Em Alagoas, mais de 200 mil pessoas são afetadas pela seca

Cerca de um terço dos municípios de Alagoas decretou emergência por causa da seca. Isso significa que não tem água nem para o básico, nas casas de 200 mil pessoas.

Açudes sem água, chão rachado, vegetação sem cor. Esse é o retrato da seca em Alagoas: 38 dos 102 municípios estão em situação de emergência. Para ter um pouco de água, Izamar gasta seis horas do seu dia num carro de boi.

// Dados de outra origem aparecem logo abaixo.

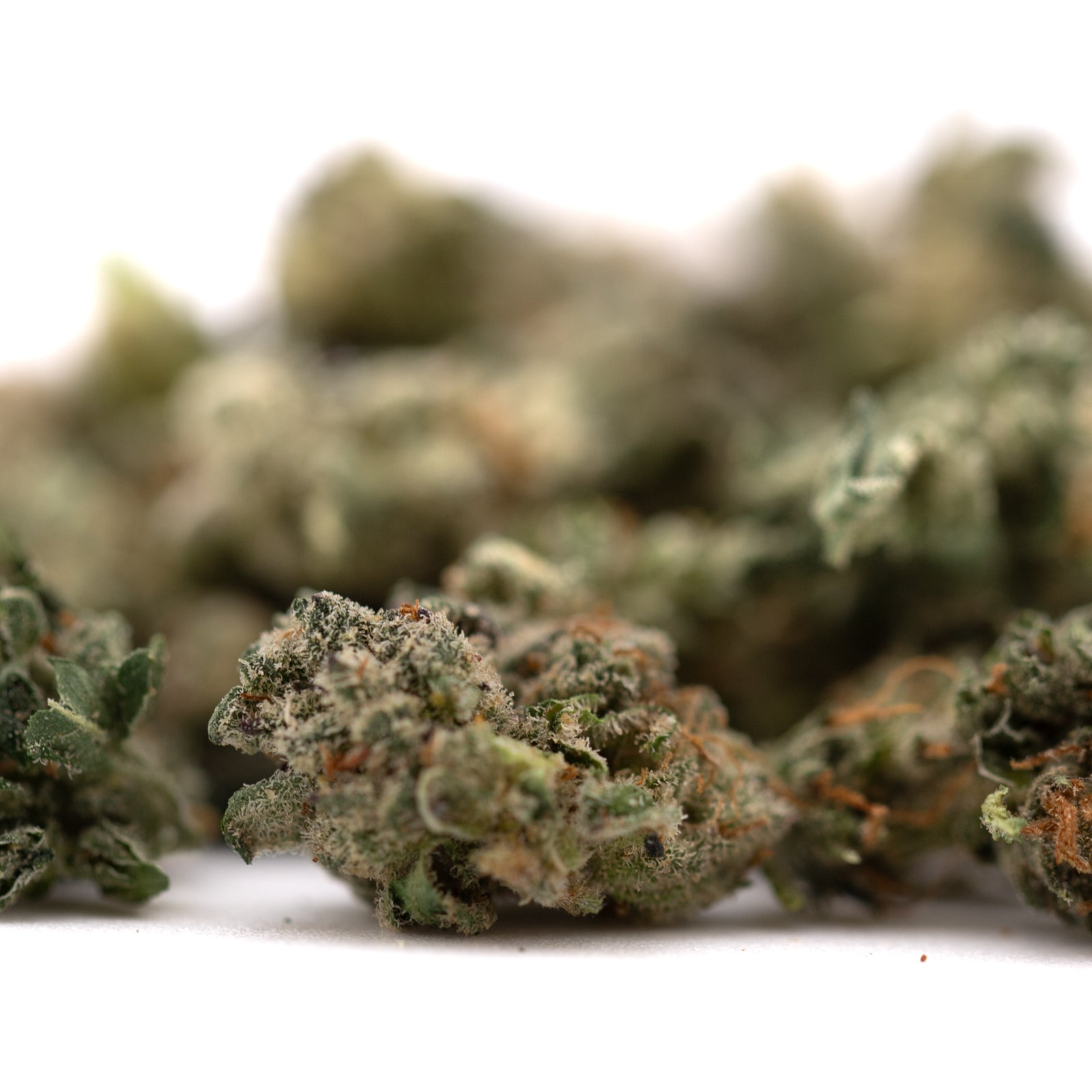 Guava Z Indoor THCa Flower Smalls - Plants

“É para o gado, para o gasto, é para tudo. Para tudo, tudo mesmo”, diz o agricultor Izamar Derto Rocha.

Dentro de casa, para lavar a louça, a água é contada.

“Fica difícil, muito difícil até para a gente beber. Não pode tomar água à vontade porque que tem que economizar”, conta a também agricultora Marinalva Derto Rocha.

Na geladeira da Maria José da Conceição, nenhuma garrafa de água. Ela usou tudo o que tinha para fazer o almoço.

“É o que tem para comer hoje. É o arroz cozinhado, por causa da água, que não tem água para fazer a comida”, conta a dona de casa.

A cisterna é grande, tem capacidade para 16 mil litros de água por dia, mas está seca a oito meses. Enquanto isso, os donos dela precisam se virar com apenas 30 litros de água por dia para fazer de tudo na casa.

Segundo a Defesa Civil, 200 mil pessoas estão sofrendo com a falta d’água. Gente que sobrevive com um quinto do volume de água necessário para suprir as necessidades mais básicas. Segundo a Organização Mundial de Saúde, o ideal seriam cem litros de água por dia, e por pessoa.

Em todo o sertão, a média de consumo é de 20 litros.

“Não pode tomar banho. Se tomar banho a pessoa não cozinha nem bebe. Os meninos vão para a escola, tem que ir tudo ‘rajadinho’, que não tem água”, diz a dona de casa Iolanda Santos Lima.

Quando tem água, como em um açude, ela não serve para o consumo.

“A gente não pode viver sem água”.

“Vai vivendo e sofrendo nessa vida aqui, mas é isso mesmo, é complicado”.